FOSDEM is a free event for software developers to meet, share ideas and collaborate. Every year, thousands of developers of free and open source software from all over the world gather at the event in Brussels.

FOSDEM logo


Fundamental Technologies We Need to Work on for Cloud-Native Networking

Magnus Karlsson | Intel

FOSDEM session info

Cloud Native Networking functions view

“Good is good enough”

Very pragmatic quote, no need to strive for perfection …


Doomed are the dinosaurs!

Dealing with diversity by utilizing the versatility of Ansible and open source

David Heijkamp | Naturalis

FOSDEM session info

Ansible in the center

“Ansible wel suited for an imperfect environment.”

Code samples on gitlab


Compliance management with OpenSCAP and Ansible

Using OpenSCAP and Ansible for compliance management of large computing environments

Amit Upadhye | Red Hat

FOSDEM session info

OpenSCAP

OpenSCAP OpenSCAP Security

In the ever-changing world of computer security where new vulnerabilities are being discovered and patched every day, enforcing security compliance must be a continuous process. It also needs to include a way to make adjustments to policies, as well as periodic assessment and risk monitoring. The OpenSCAP ecosystem provides tools and customizable policies for a quick, cost-effective and flexible implementation of such a process.

Security compliance is a state where computer systems are in line with a specific security policy.

Security Content Automation Protocol (SCAP) is a multi-purpose framework of specifications that supports automated configuration, vulnerability and patch checking, technical control compliance activities, and security measurement.

OpenSCAP has received a NIST certification for its support of SCAP 1.2.

OpenSCAP workflow

oscap NIS-certified command line scanner.

OpenSCAP with Ansible

Ansible

To assist with integrating configuration compliance into your existing Ansible workflow, OpenSCAP generates remediations for use with Ansible. The remediations are generated in a form of Ansible playbooks, either based on profiles or based on scan results.

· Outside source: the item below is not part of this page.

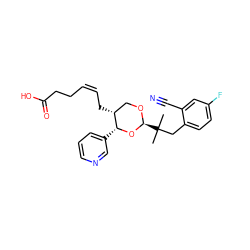 CC(C)(Cc1ccc(F)cc1C#N)[C@@H]1OC[C@@H](C/C=C\CCC(=O)O)[C@@H](c2cccnc2)O1 ZINC000027761164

A playbook based on a SCAP Security Guide (SSG) profile contains fixes for all rules, and the system is remediated according to the profile regardless of the state of the machine. On the other hand, playbooks based on scan results contain only fixes for rules that failed during an evaluation.

Tasks contained in playbooks are tagged with the same metadata as rules in an Extensible Configuration Checklist Description Format (XCCDF) file. These tags refer to rule ID, strategy, complexity, disruption, and references, and they can be used to filter the tasks to apply.

Text form the paragraph above is excerpt from Red Hat 7.7 Using OpenSCAP with Ansible


Introduction to Ansible collections

Ansible collections, the future of Ansible content delivery

Ganesh Nalawade, Abhijeet Kasurde | Red Hat

FOSDEM session info

Ansible

A Closer Look at Collections

An Ansible Content Collection can be described as a package format for Ansible content: Ansible Collection

This format has a simple, predictable data structure, with a straightforward definition:

  • docs/: local documentation for the collection
  • galaxy.yml: source data for the MANIFEST.json that will be part of the collection package
  • playbooks/: playbooks reside here
    • tasks/: this holds ‘task list files’ for include_tasks/import_tasks usage
  • plugins/: all ansible plugins and modules go here, each in its own subdir
  • roles/: directory for ansible roles
  • tests/: tests for the collection’s content

Interacting with Collections

In addition to downloading collections through the browser, the ansible-galaxy command line utility has been updated to manage collections, providing much of the same functionality as has always been present to manage, create and consume roles. For example, ansible-galaxy collection init can be used to create a starting point for a new user created collection.

Where to Find Collections

With the launch of Red Hat Ansible Automation Platform, Automation Hub will be the source for certified collections. Additionally, collections creators can also package and distribute content on Ansible Galaxy. Ultimately, it is up to the creator to decide the delivery mechanism for their content, with Automation Hub being the only source for Red Hat Certified Collections. Find more information regarding obtaining certified collections from Automation Hub here.

Why Collections?

  • Multiple roles with dependencies
    • Maintain version dependencies across roles and Ansible versions
  • Difficult distribution of non-role content
  • Plugin/role name collisions
  • Difficult to do code-sharing for most plugins

Designing for Failure ‘rm -rf /’

Fault Injection, Circuit Breakers and Fast Recovery

Walter Heck

FOSDEM session info

Design for failure?

Initial reaction is counter intuitive. “We’re building something that works …”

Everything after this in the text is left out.